Benedict issued a document authorizing parish priests to celebrate the Tridentine Mass if a “stable group of faithful” requests it. Currently, the local bishop must approve such requests -- an obstacle that supporters of the rite say has greatly limited its availability.
But the Pope said that the change could both heal rifts with traditionalist groups that favor the Latin Mass as well as reconnect the Church with a 1,500-year-old form of worship that faded since the Second Vatican Council, which ended in 1965.
“What earlier generations held as sacred, remains sacred and great for us, too, and it cannot be, all of a sudden, entirely forbidden or even considered harmful,” he wrote.
Reaching out
In reviving the rite, Benedict was reaching out to the followers of an excommunicated ultratraditionalist, the late Archbishop Marcel Lefebvre, who split with the Vatican over Vatican II, particularly the introduction of the New Mass celebrated in the vernacular.
The Vatican excommunicated Lefebvre in 1988 after he consecrated four bishops without Rome’s consent. The bishops were excommunicated as well.
Benedict has been eager to reconcile with Lefebvre’s group, the Society of St. Pius X, which has demanded freer use of the old Mass as a precondition for normalizing relations. The group’s other precondition is the removal of the excommunication decrees.
The current head of the society, Bishop Bernard Fellay, welcomed Benedict’s document in a statement.

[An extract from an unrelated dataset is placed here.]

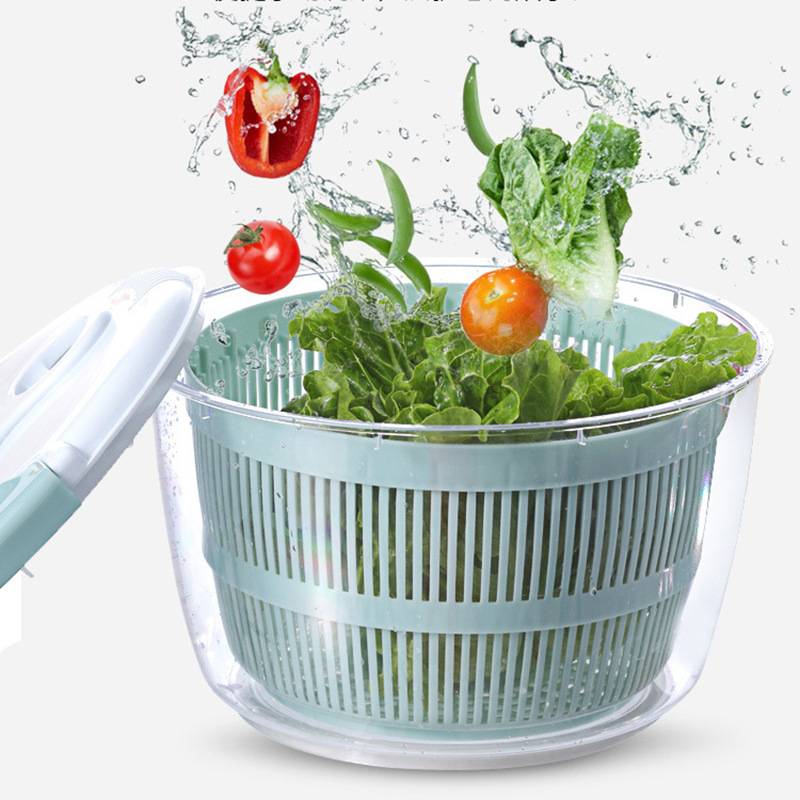 家用蔬菜脱水器水果沥水篮甩干机手摇厨房创意手动沙拉洗菜甩水盆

He said he hoped “that the favorable climate established by the new dispositions of the Holy See” would eventually allow other doctrinal disputes that emerged from Vatican II to be discussed, including ecumenism, religious liberty and the sharing of power with bishops.
Benedict has made no secret of his affinity for the Tridentine rite and has long said the faithful should have greater access to it.
But more liberal Catholics have suggested that in liberalizing the use of a rite that symbolized the pre-Vatican II Church, Benedict was sending a strong message that Vatican II was not the “break from the past” that some view it as being.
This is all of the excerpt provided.